Low natural gas prices have finally brought the decade-long shale gas boom in Appalachia to a halt.
Gas production in Appalachia declined by about 1 billion cubic feet per day (Bcf/d) over the past 30 days, bringing output down to an average of 32.7 Bcf/d, according to S&P Global Platts Analytics. That helped drag down overall U.S. gas production to 91.8 Bcf/d, a 1.7 percent decline from 93.4 Bcf/d in November.
The Permian hogs a lot of attention in the press, but the Marcellus shale has been growing at a blistering rate for about a decade. That is now coming to an end as the shale gas industry struggles with oversupply and low prices, lack of profits, debt, investor skepticism and also competition from associated gas in the Permian.
Natural gas prices fell sharply last year, ending the year down more than 25 percent. The rig count in the Marcellus fell by 1 last week, dropping the total to 40. Eight months ago there were 65 rigs operating in the area.
Front-month gas contracts are trading at about $2.12/MMBtu, although at the wellhead prices can be much weaker. S&P said that prices at Dominion South, a hub in the Marcellus, have averaged just $1.78/MMBtu in the past month. S&P says that average breakeven prices are $1.80/MMBtu, but that likely understates the price level that drillers need, given the struggles that many have gone through.
“Gas prices are down. It has a big impact, the difference between $2.75 gas and $2.50 gas,” Toby Rice, EQT’s new president and CEO, told the West Virginian legislature in December “A lot of this development doesn’t work as well at $2.50 gas.”
An IEEFA analysis from last November found that seven of the largest producers in Appalachia spent nearly a half billion dollars more than they generated in the third quarter. With natural gas prices wallowing down close to $2/MMBtu, the cash burn rate may grow worse, unless the spending cuts continue.

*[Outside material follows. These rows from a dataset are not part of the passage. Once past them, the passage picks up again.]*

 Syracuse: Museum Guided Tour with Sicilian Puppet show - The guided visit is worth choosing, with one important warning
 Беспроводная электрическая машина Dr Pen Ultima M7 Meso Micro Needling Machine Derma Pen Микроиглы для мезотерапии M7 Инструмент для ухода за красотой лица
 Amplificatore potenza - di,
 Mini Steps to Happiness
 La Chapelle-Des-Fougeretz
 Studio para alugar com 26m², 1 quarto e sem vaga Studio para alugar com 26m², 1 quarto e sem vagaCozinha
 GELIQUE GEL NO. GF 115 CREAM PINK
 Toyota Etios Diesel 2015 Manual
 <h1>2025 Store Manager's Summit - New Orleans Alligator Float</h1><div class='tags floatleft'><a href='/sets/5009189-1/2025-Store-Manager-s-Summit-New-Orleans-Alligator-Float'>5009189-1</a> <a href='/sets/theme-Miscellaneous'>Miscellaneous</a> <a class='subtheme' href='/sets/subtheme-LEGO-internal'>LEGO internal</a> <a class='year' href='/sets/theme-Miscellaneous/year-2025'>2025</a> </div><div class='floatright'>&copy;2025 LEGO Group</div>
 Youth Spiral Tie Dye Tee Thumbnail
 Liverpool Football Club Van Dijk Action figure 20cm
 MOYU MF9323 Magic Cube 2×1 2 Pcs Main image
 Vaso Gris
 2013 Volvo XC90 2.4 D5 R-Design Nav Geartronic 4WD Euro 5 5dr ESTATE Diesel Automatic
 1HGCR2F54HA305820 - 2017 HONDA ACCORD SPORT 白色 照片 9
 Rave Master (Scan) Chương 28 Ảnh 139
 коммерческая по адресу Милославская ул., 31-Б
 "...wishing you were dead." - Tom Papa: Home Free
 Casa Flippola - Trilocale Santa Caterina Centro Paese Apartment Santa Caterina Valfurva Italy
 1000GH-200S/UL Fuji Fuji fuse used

Range Resources announced on January 6 that it would take an ax to its spending plans, cutting capex by 29 percent for 2020 compared to last year’s levels. The company also suspended its dividend, saving $20 million annually, so that it can allocate more money to paying off debt. Fortunately for Range, the company managed to hedge 60 percent of its output this year at an average price of $2.64/MMBtu.
Chevron recently announced a write down on the order of $11 billion for the fourth quarter, with its assets in Appalachia the principle cause.
The situation in the Appalachia is worse than for oil drillers in North Dakota, Colorado or Texas. To be sure, unconventional oil drilling is also riddled with financial problems and is based on a questionable business model. Oil wells still suffer from steep decline rates.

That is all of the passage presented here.